Background
Chris Savage is the CEO and co-founder of Wistia. We talked with Chris about the gross margins and pricing models we can expect to see from AI video companies like HeyGen and Synthesia, the commodization of the infrastructure players enabling AI video, and how AI-generated videos will change the volume and frequency with which businesses create video.
Questions
- What’s the big use case that you see driving adoption of AI avatars or talking head videos?
- How do you expect AI talking heads, text-to-video and video editing via editing text to impact the overall volume and frequency of video content creation by businesses? How does that affect the video hosting business?
- Being able to have your videos instantly translated into dozens of languages has become a key selling point for AI avatar platforms. Can you talk about how big of an impact translation will have as a feature? What use case do you see it being most useful for—marketing, sales, learning & development, etc?
- What do you anticipate the gross margins to be for AI talking head video platforms? How do the margins compare to traditional video hosting, factoring in the additional cost of AI models and compute for the AI avatars, plus translation, transcription and more?
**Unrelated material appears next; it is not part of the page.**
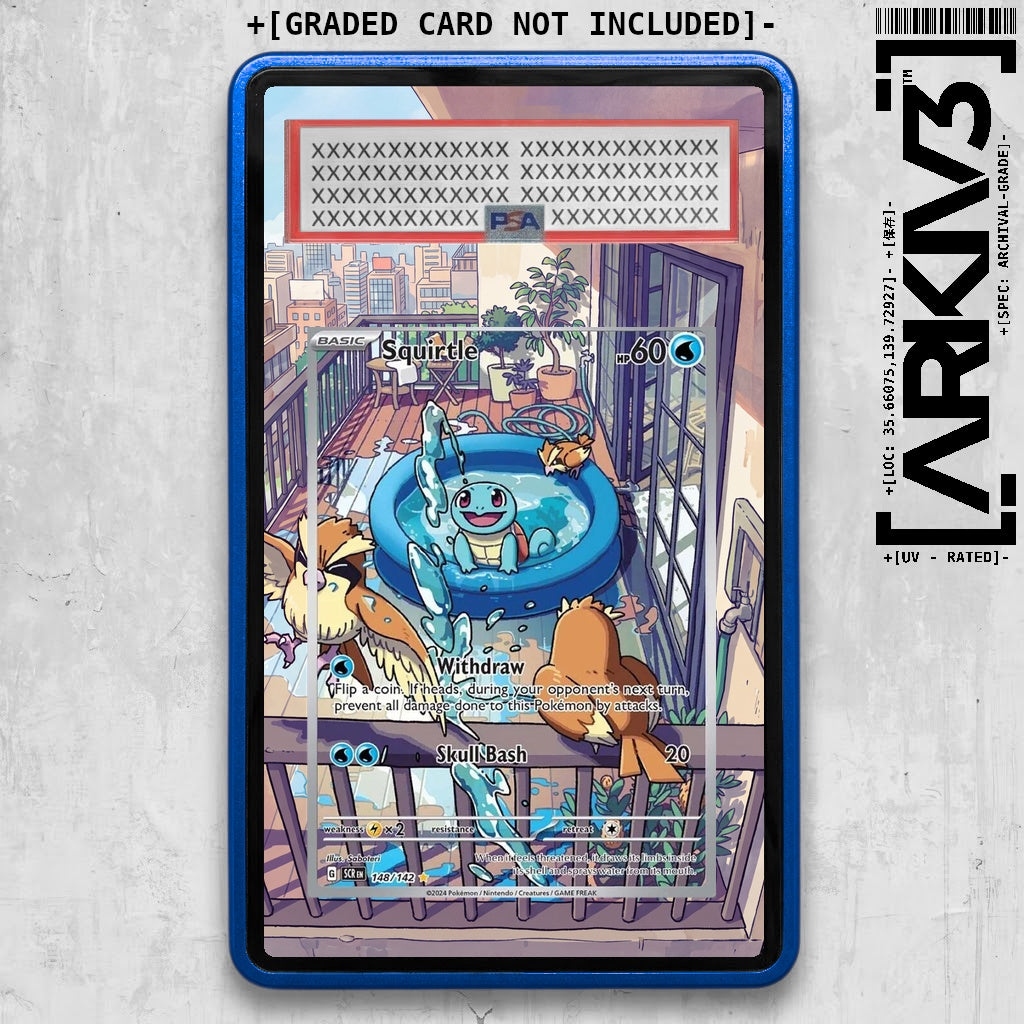 ARKIV3 PSA graded front - Blue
- You're saying that it makes the most sense for us to end up where e.g. the sales and marketing AI avatar experience lives in HubSpot, the customer service experience lives in Intercom, maybe the ecommerce one lives in Shopify.
- How do you think about Wistia’s place in this? All the video being created with AI has to be hosted somewhere—do you think about Wistia mainly as the place for all these AI videos to be hosted?
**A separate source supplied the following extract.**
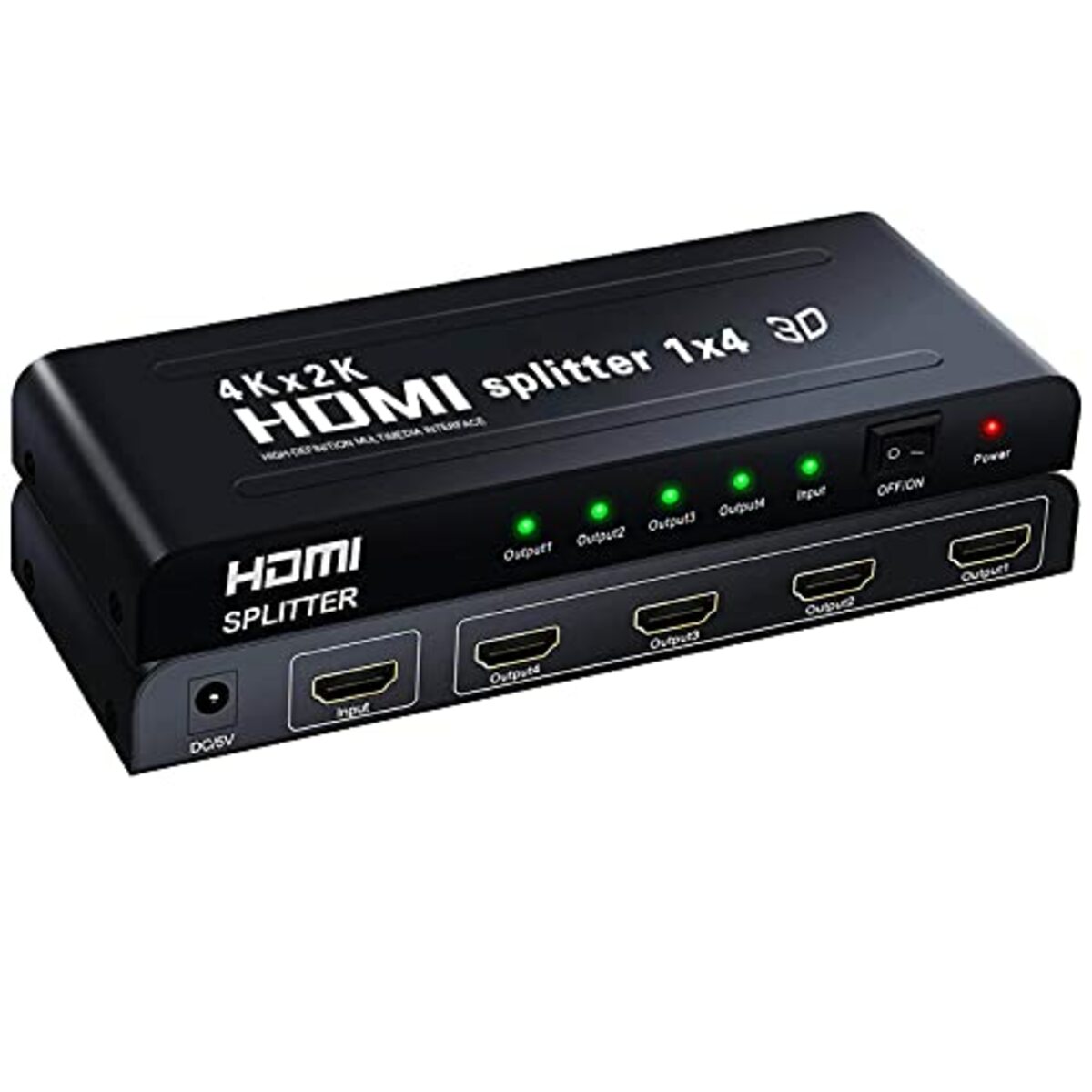 Bild 1 von hdmi Kabel, hdmi Switch, hdmi verlängerung, hdmi Splitter, hdmi Adapter, hdmi Splitter 1 in 2 Out, hdmi verteiler, hdmi Cable, hdmi Splitter 2 monitore gleichzeitig, hdmi Switch 4k, hdmi Splitter 4k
- How do you think AI talking head platforms will think about pricing to balance the value they’re delivering with creating sustainable economics? Will it be per avatar, per video duration, per render, or some other metric?
Interview
What’s the big use case that you see driving adoption of AI avatars or talking head videos?
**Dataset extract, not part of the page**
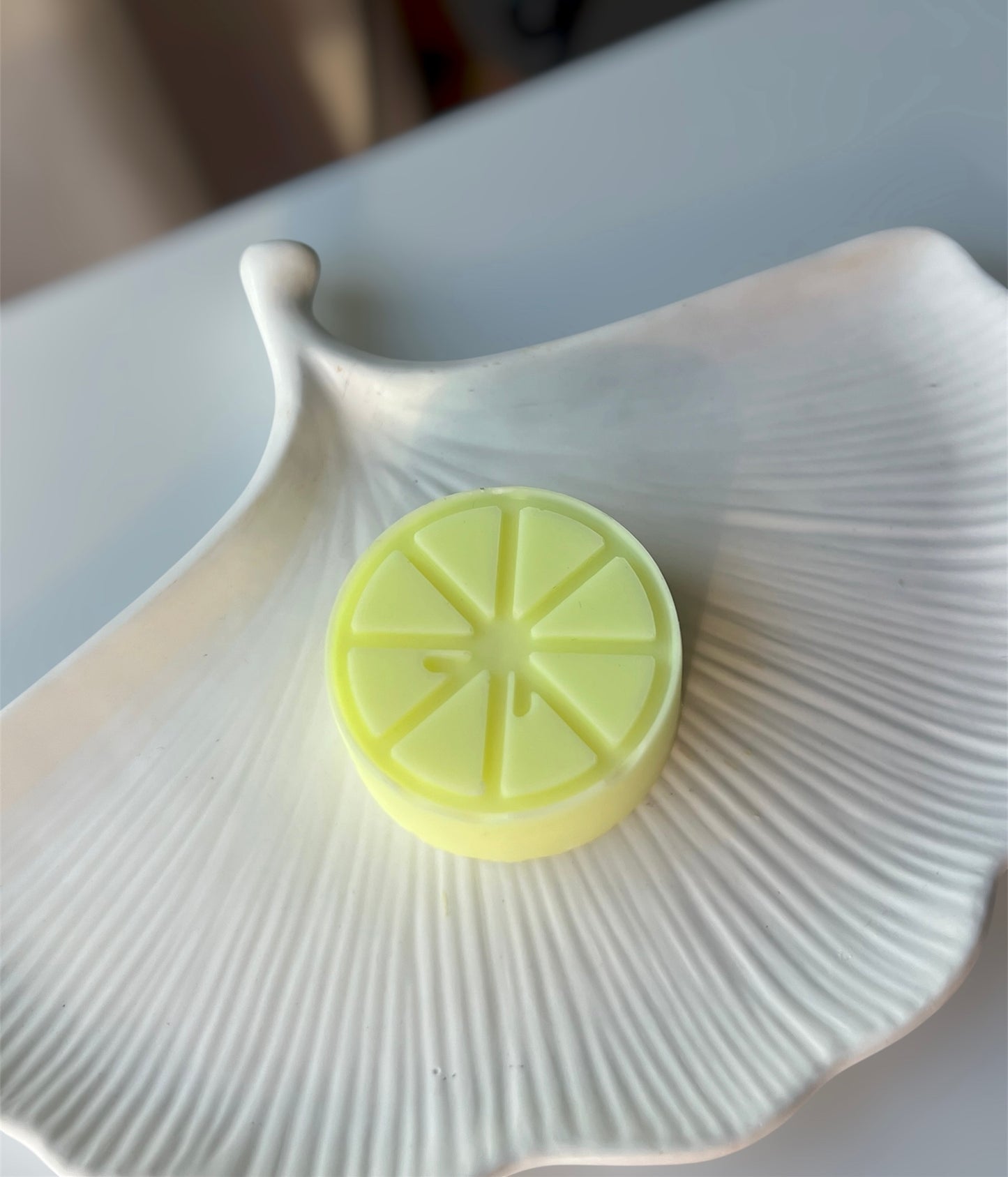 Wax melts aromáticos de cera de soja – Mousse de Limón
It's hard for me to say. The answer to this question can be different if you're the creator of these models or not. You talk to the people who are making this stuff, and they're like, "It's ready for prime time. It looks real."
My estimation is it's really close. I think there are certain cases where it looks real, but I don't think that's the default. But there are certain applications of video where it doesn't have to look real—and where entertainment and hooking someone to stick with you is not required.
At least the applications where businesses are using AI avatars today are where it's like training content. A lot of corporate learning and training is already robotic, and it is not entertaining. You write the script of the exact things people need to know, and then the regulations change, and you just tweak the script and re-generate the video. You don't have to reshoot. I think that's probably where the product-market fit is with this today.
How do you expect AI talking heads, text-to-video and video editing via editing text to impact the overall volume and frequency of video content creation by businesses? How does that affect the video hosting business?
What a lot of these AI avatar companies are really doing is increasing quality. When it's done perfectly, it helps you increase the quality of the videos you're making in a lot of cases. It’s giving you lighting that looks really good, or it's hiding edits, or it's fixing flubs.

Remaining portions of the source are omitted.